* Exercise aim: Copy, word for word, the lines below from the one containing "Tignes le Lac" up to and including the one containing "KERBL Kälberiglu CalfHouse PE UV+", with pictures left out.

* Source data:

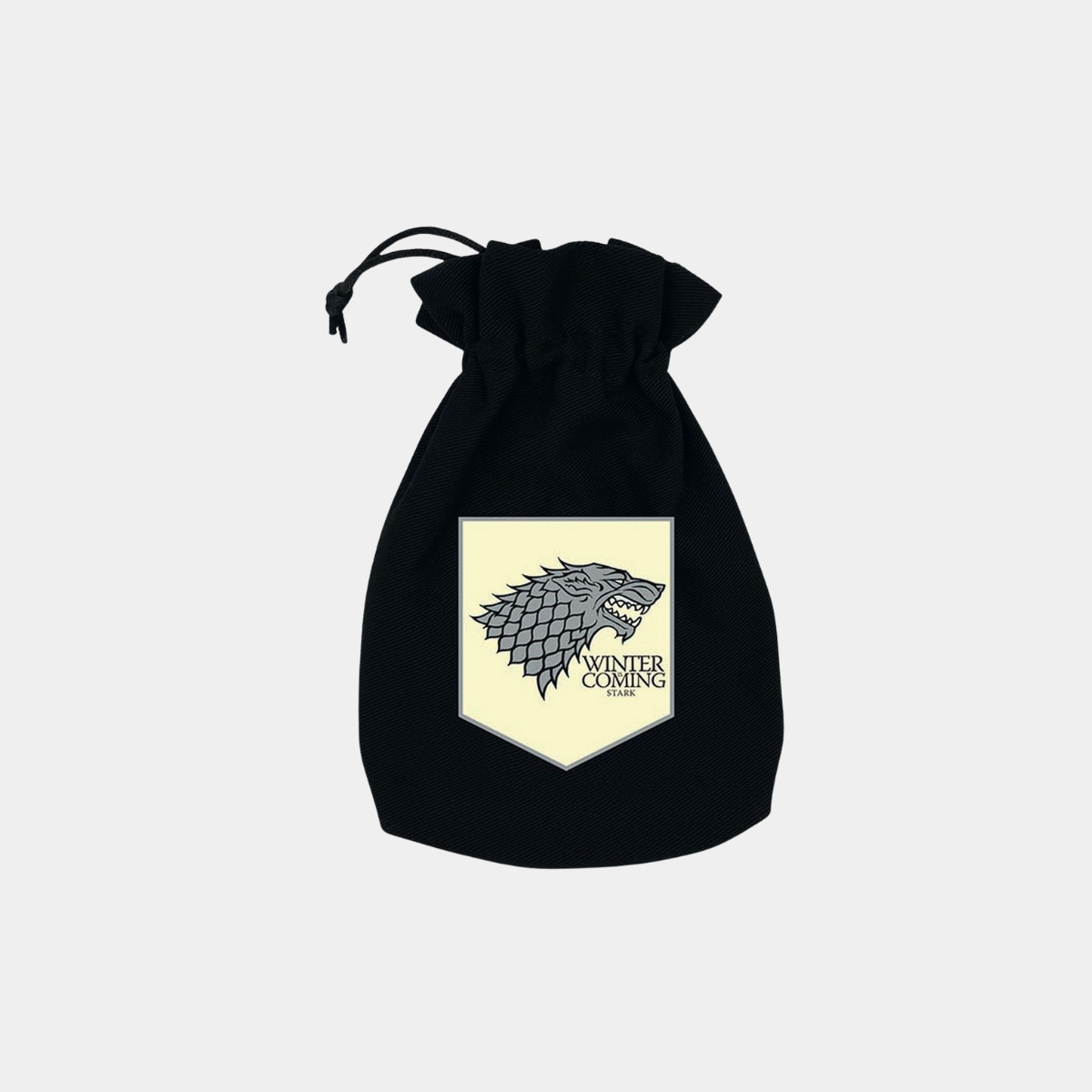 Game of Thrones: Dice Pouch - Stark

...

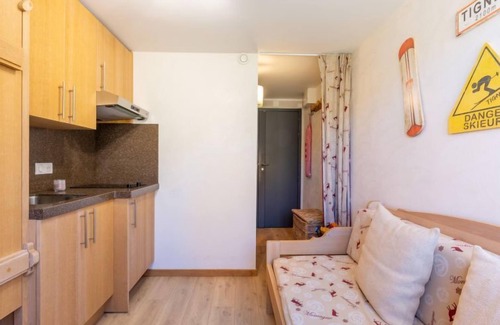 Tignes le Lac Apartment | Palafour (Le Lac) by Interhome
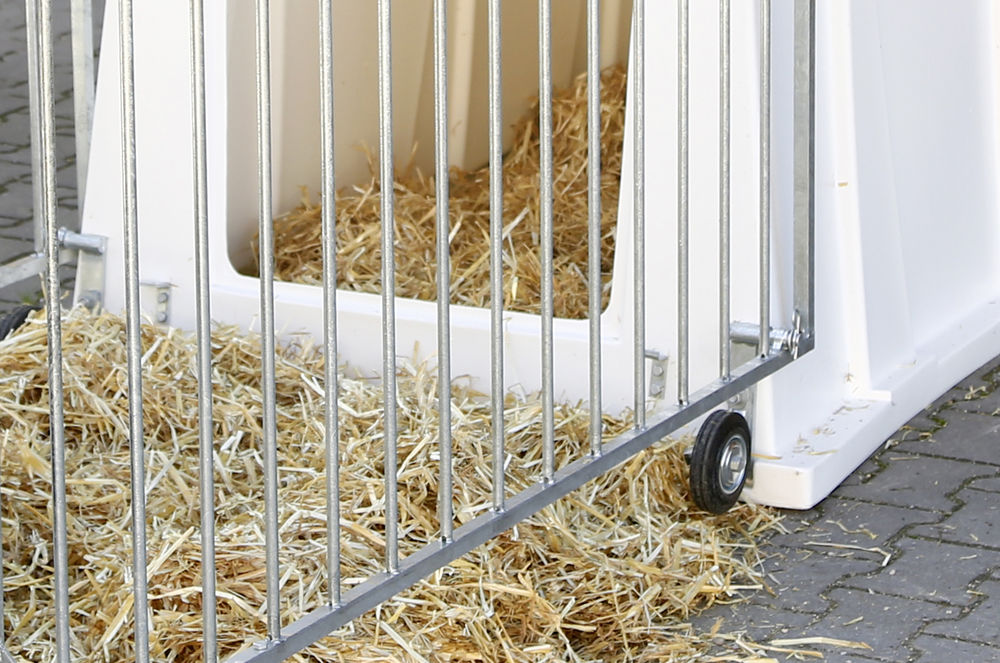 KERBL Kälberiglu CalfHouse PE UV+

* Reply to the exercise:
 Tignes le Lac Apartment | Palafour (Le Lac) by Interhome
 KERBL Kälberiglu CalfHouse PE UV+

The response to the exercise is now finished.